The Common University Entrance is in line with the New Education Policy which envisages the need for an entrance examination for admission to universities.

Representative image of students in an exam
Representative image of students in an exam PTI photo

The higher education regulator, the University Grants Commission, is going to introduce a new examination, Common University Entrance Test (CUET), from the coming academic session for admission to undergraduate and postgraduate courses in central universities in India.

The only official information regarding CUET is available in a public notice on UGC’s website, according to which the test will be held in 13 languages in all UGC-funded Central Universities. 

“Application for CUET will be available in the first week of April,” the notice said.

The notice informs that the detailed structure of the examination is available on the website of the National Testing Agency (NTA). However, as of now, no further details have been uploaded on NTA’s website.

There are 54 central universities in India and all of them haven’t given their consent to join the test.
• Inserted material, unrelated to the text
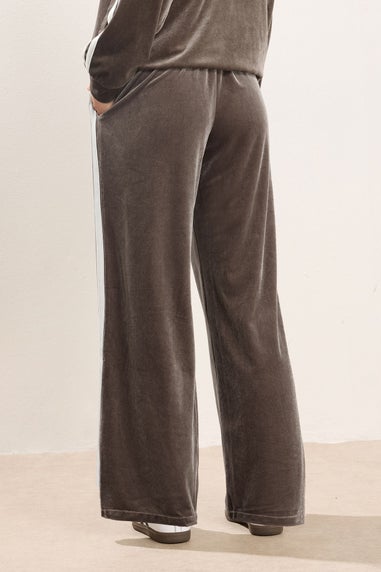 PixieGirl Petite Brown Side Stripe Velvet Wide Leg Trousers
Newspaper reports say 45 central universities will give admission to students on the basis of the marks that they will score in CUET.

The UGC has also requested other universities to join CUET and make the test the sole admission criterion for institutions of higher education. In India, there are 1,027 universities which include 54 central universities, 444 state universities, 126 deemed-to-be universities and 403 private universities.

M M Ansari, former member, UGC, said, “There are roughly 4 crore admissions taking place in undergraduate, postgraduate, PhD and research streams in all 1,027 universities. Central universities cater to only 5 per cent of them. If we talk about only undergraduate admissions, 1 to 2 per cent of total UG admissions take place in central universities.”    

The test is in line with the New Education Policy which envisages the need for an entrance examination for admission to universities. According to reports, the purpose of the test is to have one standard of evaluation for admission to central universities. At present, various education boards evaluate students in their own way and their marking system is also different ranging from lenient to moderate to strict.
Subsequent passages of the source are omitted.